January 21, 2011: Court of Appeal grants permission to appeal
The Ontario Court of Appeal has granted Dara Fresco’s application for leave to appeal. The appeal was heard on November 30 and December 1 and 2, 2011, at the same time as the appeal in the Scotiabank unpaid overtime class action.
September 10, 2010: Divisional Court upholds the decision of Justice Lax
A majority of a panel of the Divisional Court has upheld the decision of Justice Lax regarding certification. A third judge dissented, stating that she would have certified the action.

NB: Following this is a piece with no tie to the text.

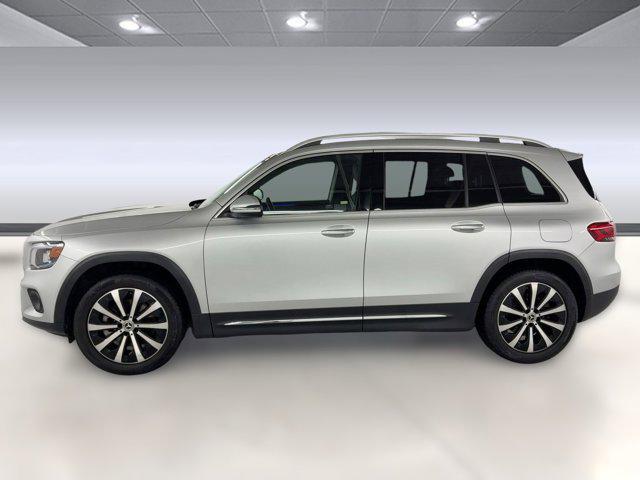 used 2022 Mercedes-Benz GLB 250 car, priced at $23,388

We will seek leave to appeal the decision to the Court of Appeal.
June 18, 2009: Superior Court refuses to certify the class action
Justice Lax of the Ontario Superior Court denied our motion to certify Dara Fresco’s class action. The Court was not satisfied that there was sufficient evidence of systemic wrongdoing and was further of the opinion that the claims of the class members were not sufficiently common to permit the case to proceed as a class action. In particular, the court rejected the argument that the issue of the legality of the CIBC overtime policy was common to all class members and the resolution of the issue would substantially advance the litigation. The court found that the remaining criteria for certification had been met. We will appeal the decision.